# NVIDIA Financial Data Analysis

This Jupyter Notebook is designed to extract financial data for NVIDIA from Yahoo Finance, clean and process the data, and prepare it for analysis in tools like Tableau. The notebook includes sections for web scraping the **Income Statement**, **Balance Sheet**, and **Cash Flow** statements. The final output is a set of clean CSV files ready for financial modeling and visualization.

## Sections
1. **Imports and Setup**: Import necessary libraries and initialize the web driver.
2. **Income Statement**: Extracts and processes NVIDIA's income statement data.
3. **Balance Sheet**: Extracts and processes NVIDIA's balance sheet data.
4. **Cash Flow**: Extracts and processes NVIDIA's cash flow data.


**Imports and Income Statement**


## Income Statement Data Extraction and Cleaning

This section uses Selenium to scrape the income statement data from Yahoo Finance. The data is then cleaned and reshaped for easier analysis.

**Steps:**
1. Initialize the Chrome WebDriver.
2. Navigate to the income statement page and wait for the data to load.
3. Extract headers and financial data.
4. Reshape the data using the `melt` function for a long format suitable for Tableau.
5. Replace "TTM" with today's date.


In [83]:
from datetime import datetime
from selenium import webdriver
from selenium.webdriver.common.by import By
from selenium.webdriver.support.ui import WebDriverWait
from selenium.webdriver.support import expected_conditions as EC
import pandas as pd
import time


# Initialize the Chrome WebDriver
driver = webdriver.Chrome()

# URL of NVIDIA's financial data
url = 'https://finance.yahoo.com/quote/NVDA/financials/?ncid=100001119'
driver.get(url)

# Wait for the financials section to be present
wait = WebDriverWait(driver, 20)
wait.until(EC.presence_of_element_located((By.XPATH, '//*[@id="nimbus-app"]/section/section/section/article/article/section/div/div[1]')))

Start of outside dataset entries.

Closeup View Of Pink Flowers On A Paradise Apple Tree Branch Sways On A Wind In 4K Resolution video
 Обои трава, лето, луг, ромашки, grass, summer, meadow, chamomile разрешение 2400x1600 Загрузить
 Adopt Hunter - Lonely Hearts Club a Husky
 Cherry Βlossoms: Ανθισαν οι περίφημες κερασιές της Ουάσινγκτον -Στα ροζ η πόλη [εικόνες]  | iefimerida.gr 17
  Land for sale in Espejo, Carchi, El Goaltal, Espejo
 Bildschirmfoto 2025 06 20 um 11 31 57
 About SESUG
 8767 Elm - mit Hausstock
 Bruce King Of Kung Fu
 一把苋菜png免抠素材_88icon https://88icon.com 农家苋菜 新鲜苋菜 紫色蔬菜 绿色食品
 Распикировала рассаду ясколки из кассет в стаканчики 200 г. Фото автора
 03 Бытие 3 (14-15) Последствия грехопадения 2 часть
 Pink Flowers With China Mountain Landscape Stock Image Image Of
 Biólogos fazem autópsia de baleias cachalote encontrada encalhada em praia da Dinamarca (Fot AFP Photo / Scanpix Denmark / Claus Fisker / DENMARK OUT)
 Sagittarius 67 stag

# Scroll down to load the entire income statment table
driver.execute_script("window.scrollTo(0, document.body.scrollHeight);")
time.sleep(3)

# Extract headers (years and TTM)
header_elements = driver.find_elements(By.XPATH, '//*[@id="nimbus-app"]/section/section/section/article/article/section/div/div[1]/div[1]')
headers = [header.text for header in header_elements]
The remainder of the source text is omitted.